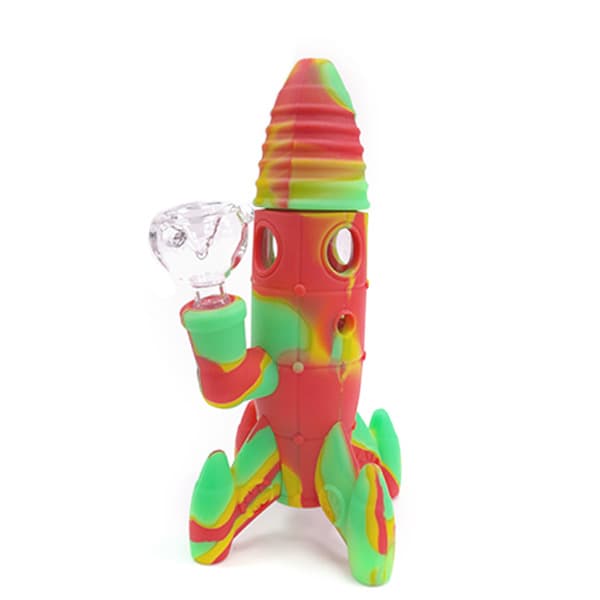 Bong Hard Silicone & Glass Bowl Rocket 18 cm.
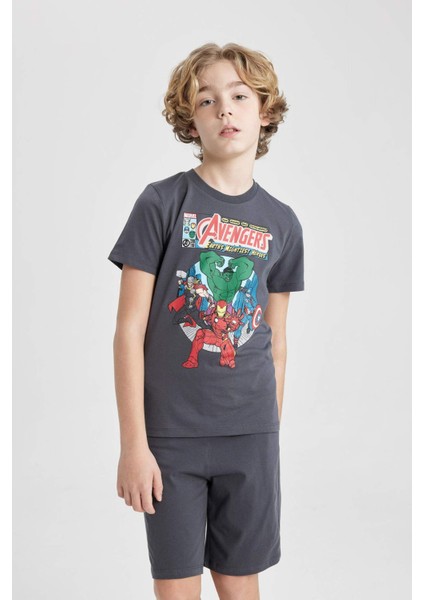 Erkek Çocuk Marvel Avengers Pijama Takımı Kısa Kollu Üst Şort C0992A824SP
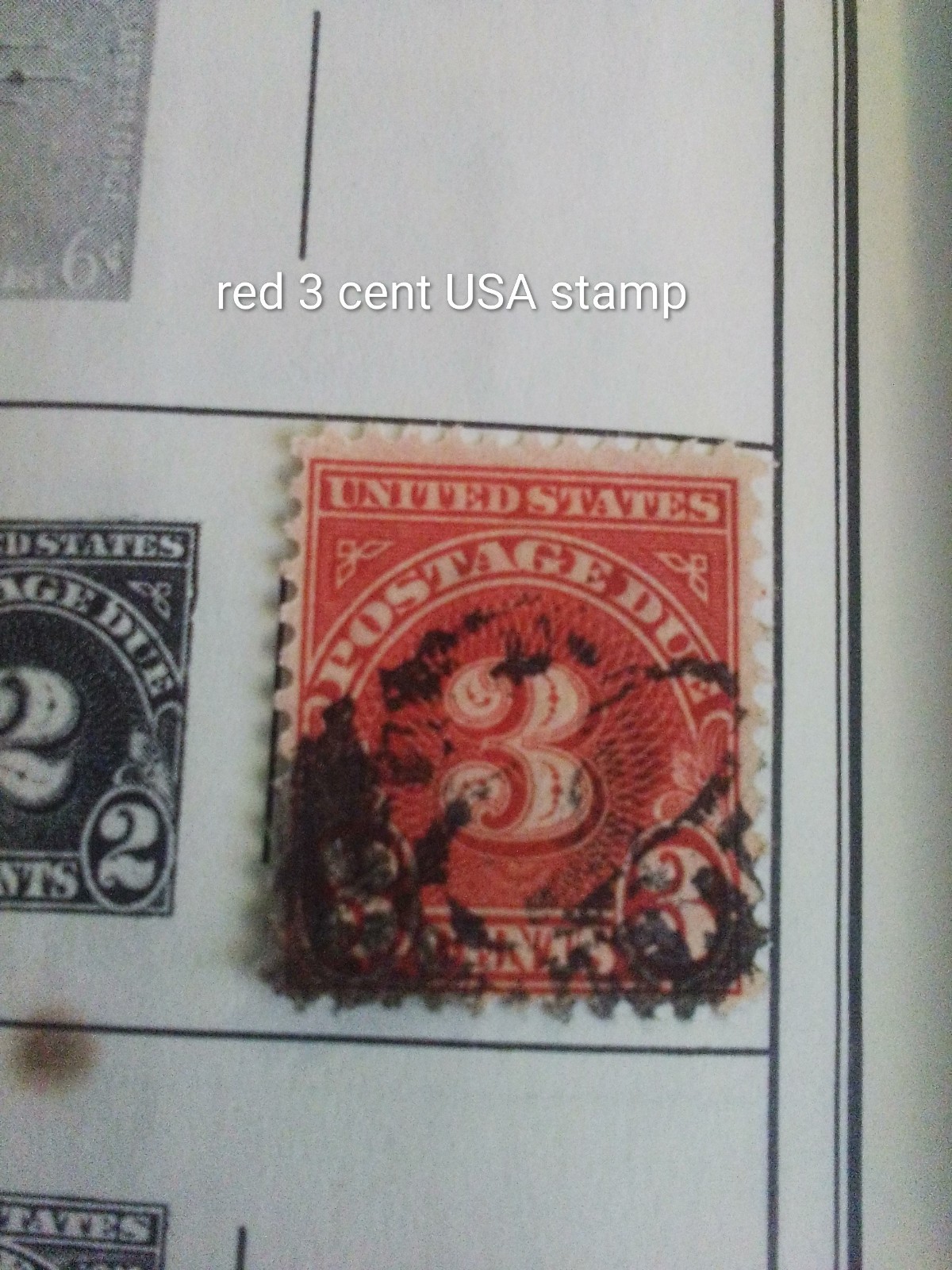 1891 Red 3 Cent US Historical Stamp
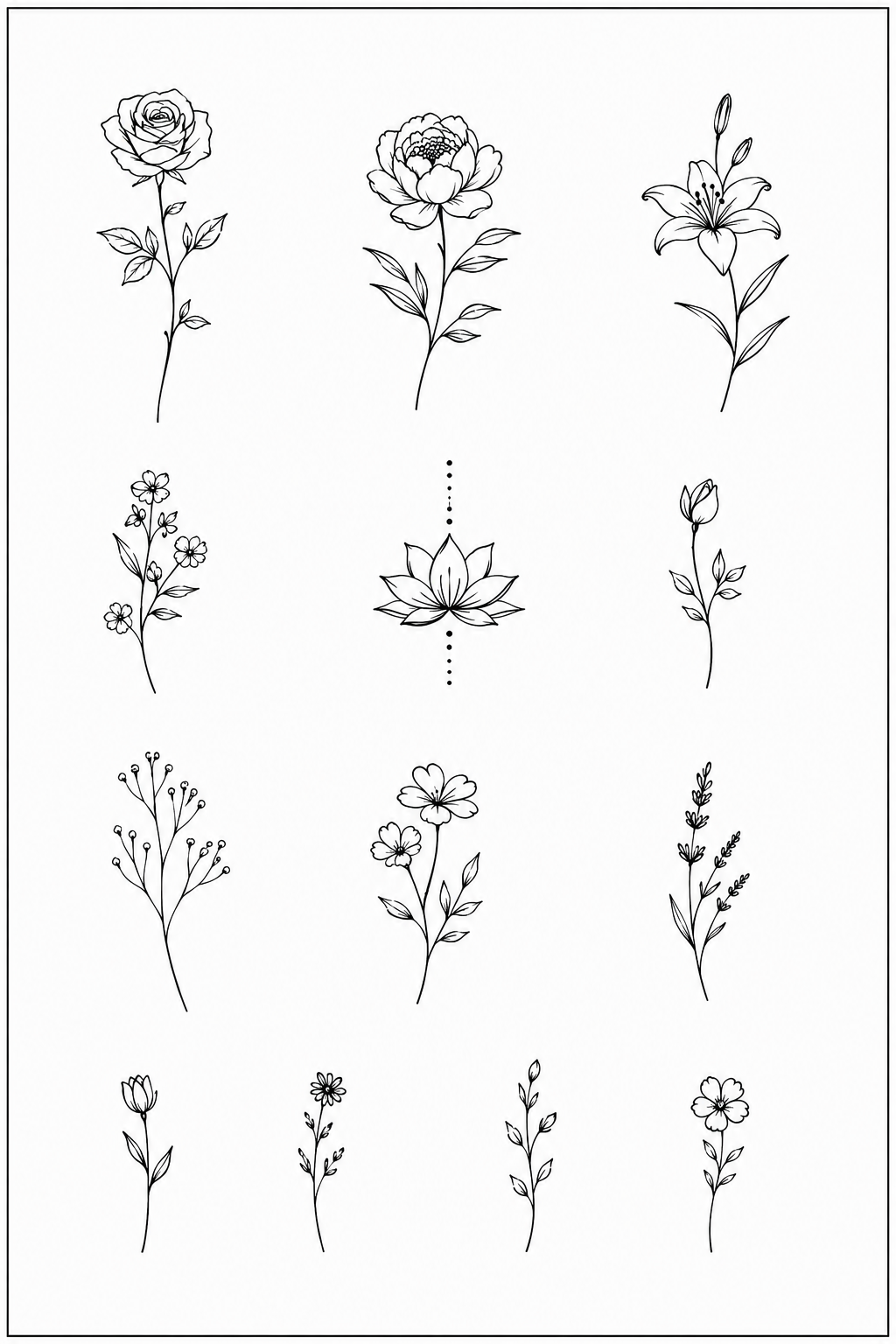 Planche de tatouages éphémères floraux SKNLY présentée sur tissu beige avec fleurs séchées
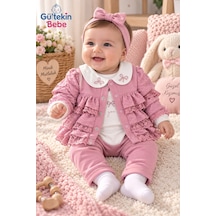 Mini Pakel Fırfırlı Kız Üçlü Takım 3-12 Aylık -dü1544408 - Gül Kurusu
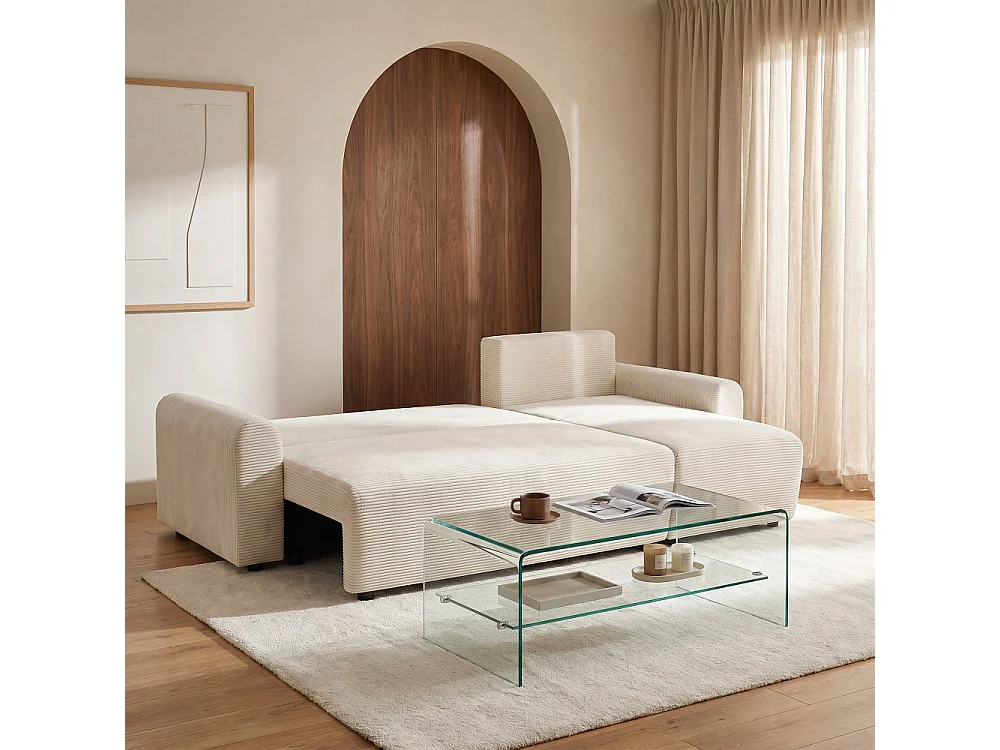 Pol - Canapé d'angle convertible réversible 4 places en velours côtelé - Beige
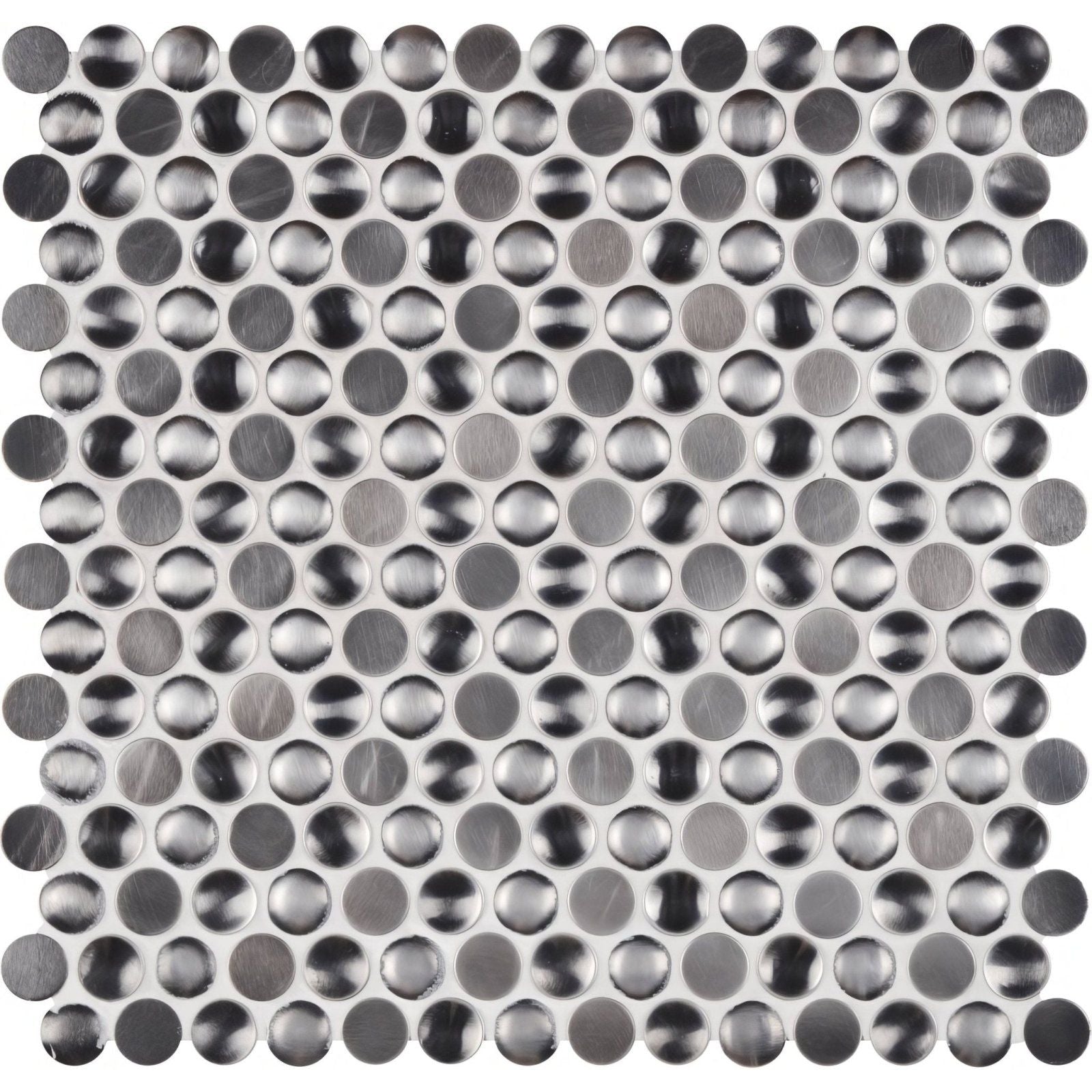 Silver link aluminium mosaic circular metallic tile with brushed silver finish and reflective uneven surface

§ **Exercise goal**: In your output, repeat the listing above exactly and include none of the pictures.

§ **Result**:
 Bong Hard Silicone & Glass Bowl Rocket 18 cm.
 Erkek Çocuk Marvel Avengers Pijama Takımı Kısa Kollu Üst Şort C0992A824SP
 1891 Red 3 Cent US Historical Stamp
 Planche de tatouages éphémères floraux SKNLY présentée sur tissu beige avec fleurs séchées
 Mini Pakel Fırfırlı Kız Üçlü Takım 3-12 Aylık -dü1544408 - Gül Kurusu
 Pol - Canapé d'angle convertible réversible 4 places en velours côtelé - Beige
 Silver link aluminium mosaic circular metallic tile with brushed silver finish and reflective uneven surface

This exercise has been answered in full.